Fachkräfte für den öffentlichen Dienst zu finden, wird auch für Kommunen wie St. Ingbert zunehmend zur Herausforderung. Die Stadt setzt deshalb nun auf einen neuen Weg: Erstmals bildet sie einen dual Studierenden im Bauingenieurwesen aus. Aaron Augustin, 23 Jahre alt, hat seinen Dienst im Fachbereich „Straßen“ bereits aufgenommen.
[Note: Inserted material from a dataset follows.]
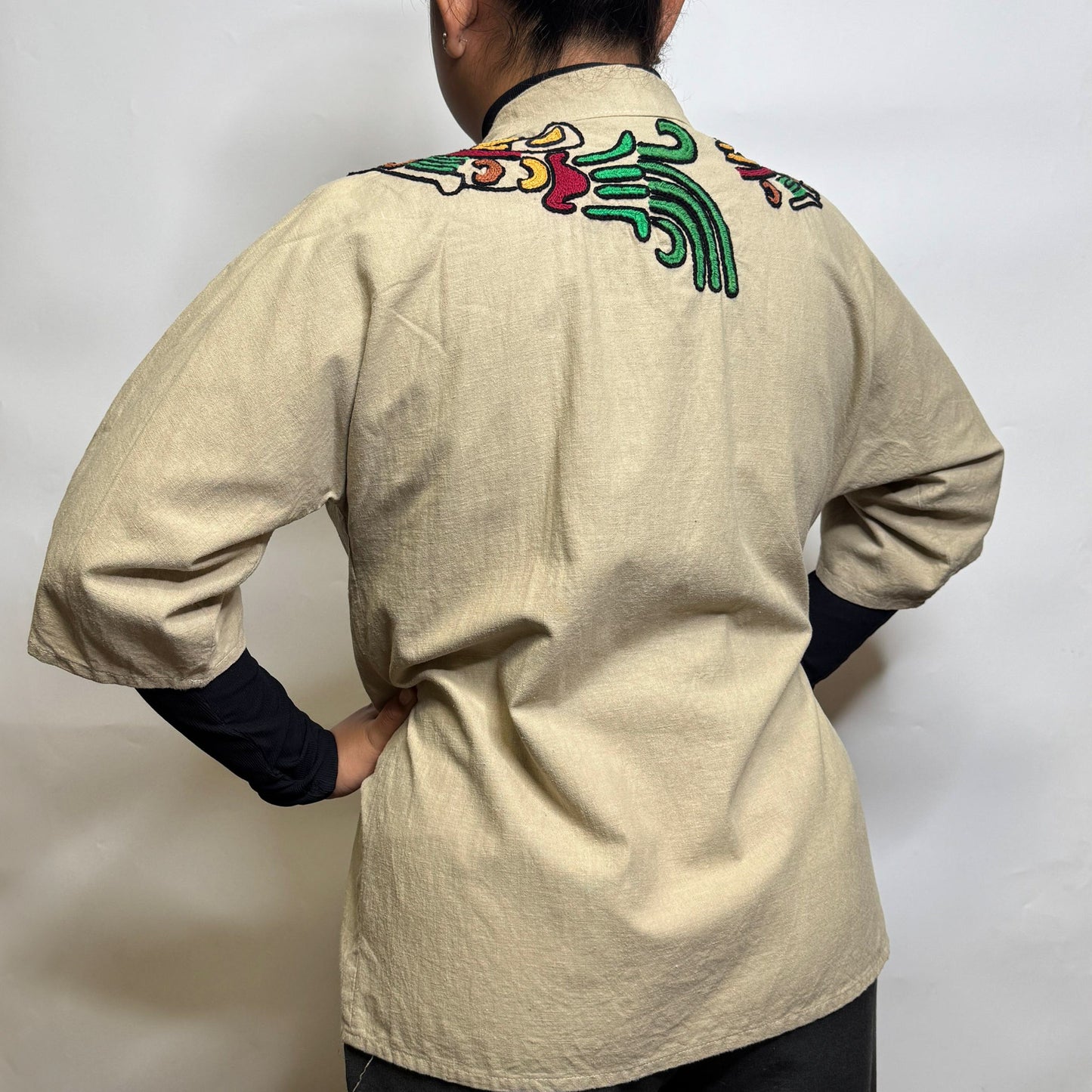 Kimono Bordado Quetzalcóatl – Arte Textil en Lino y Algodón, Hecho a Mano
Parallel zu seiner Arbeit im Rathaus studiert Augustin an der Hochschule Kaiserslautern. Die Kombination aus Theorie und Praxis soll ihn nicht nur akademisch qualifizieren, sondern ihn auch frühzeitig mit den Abläufen der städtischen Verwaltung vertraut machen.
Hinter dem Schritt steckt eine klare personalpolitische Überlegung. Weil der bisherige Abteilungsleiter ausscheidet, will die Stadt den Übergang möglichst reibungslos gestalten. „Mit dieser Maßnahme wollen wir die Personalsituation nach dem Ausscheiden des Abteilungsleiters entlasten und gleichzeitig dem bestehenden Fachkräftebedarf entgegenwirken“, erklärt Oberbürgermeister Dr. Ulli Meyer, der den Nachwuchskräftigen im Rathaus persönlich begrüßte.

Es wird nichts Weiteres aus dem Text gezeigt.